Leave out the pictures, and print exactly the lines from the one holding "强，饱满圆润，尽显优雅气质，18k" through the last line of the material.

Content starts

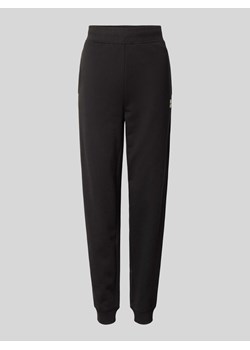 Spodnie dresowe o kroju regular fit z wyhaftowanym logo model ‘NELFINIA’ ze sklepu Peek&Cloppenburg  w kategorii Spodnie damskie - zdjęcie 171989642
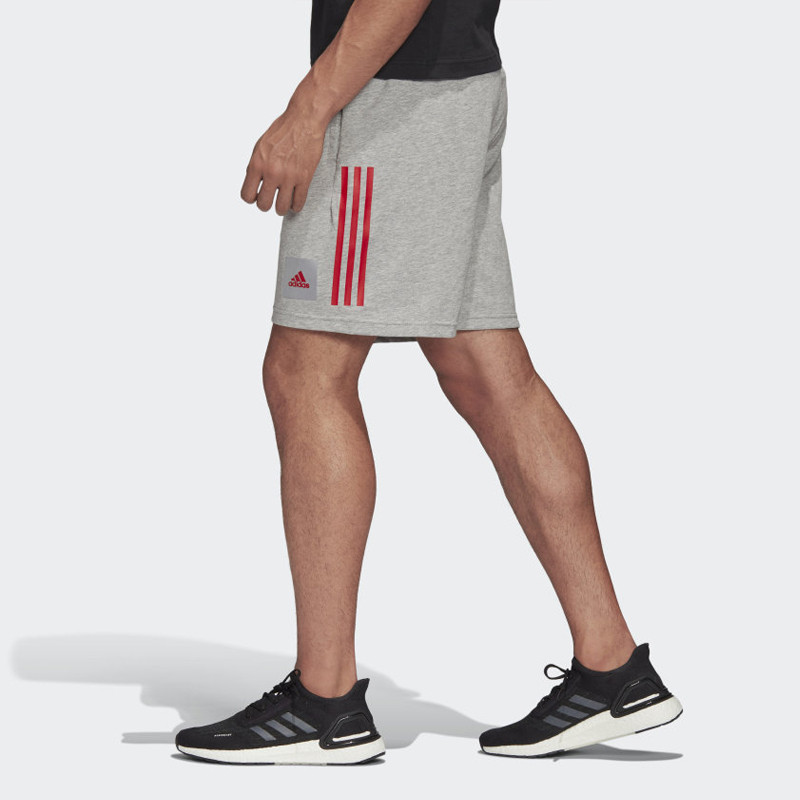 CELANA TRAINING ADIDAS Must Haves Badge of Sport Shorts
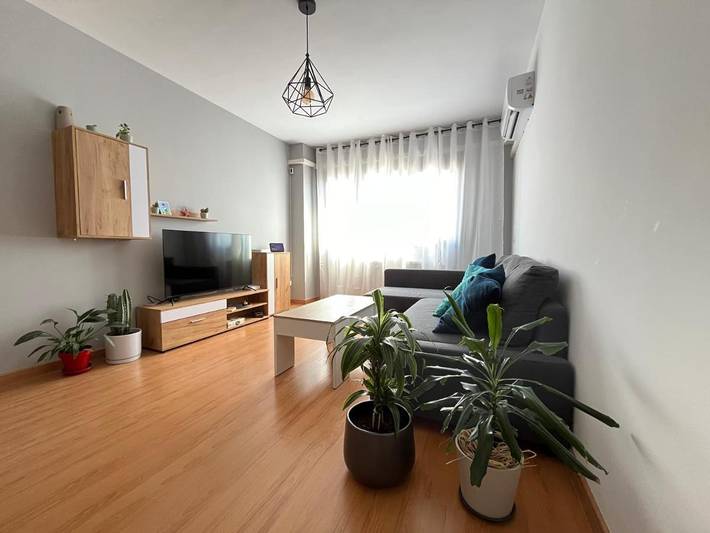 Apartamento para 6 personas, con Jardín además de Piscina y Vistas en Daimiel
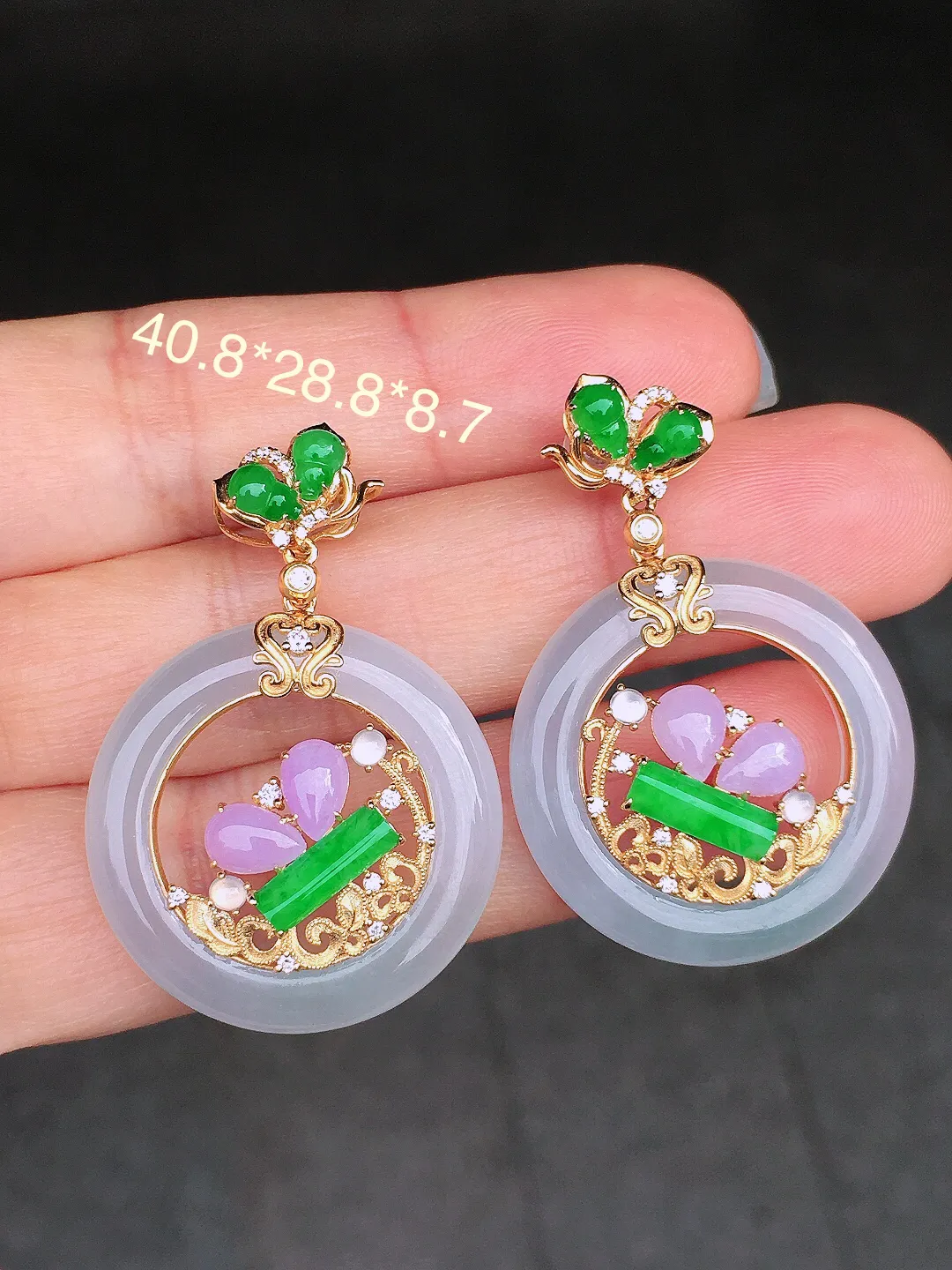 三彩特色平安扣耳坠，色泽均匀艳丽，玉质细腻，荧光感超
强，饱满圆润，尽显优雅气质，18k
金豪华镶嵌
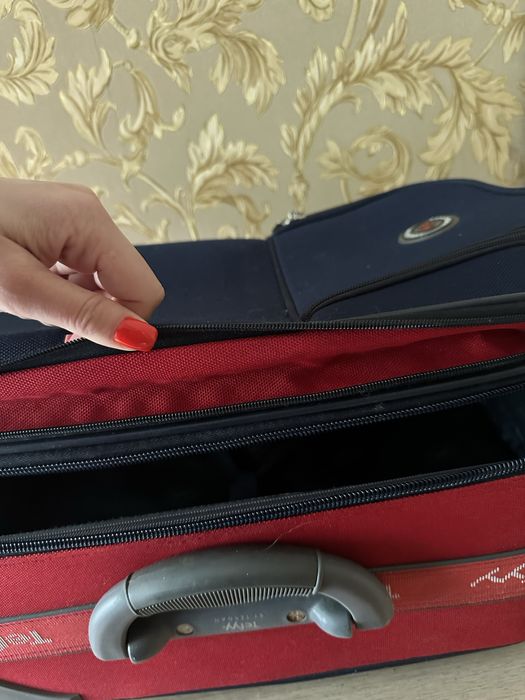 Валіза на колесах 36*22*55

Content ends

* _SOLUTION TO THIS EXERCISE_
强，饱满圆润，尽显优雅气质，18k
金豪华镶嵌
 Валіза на колесах 36*22*55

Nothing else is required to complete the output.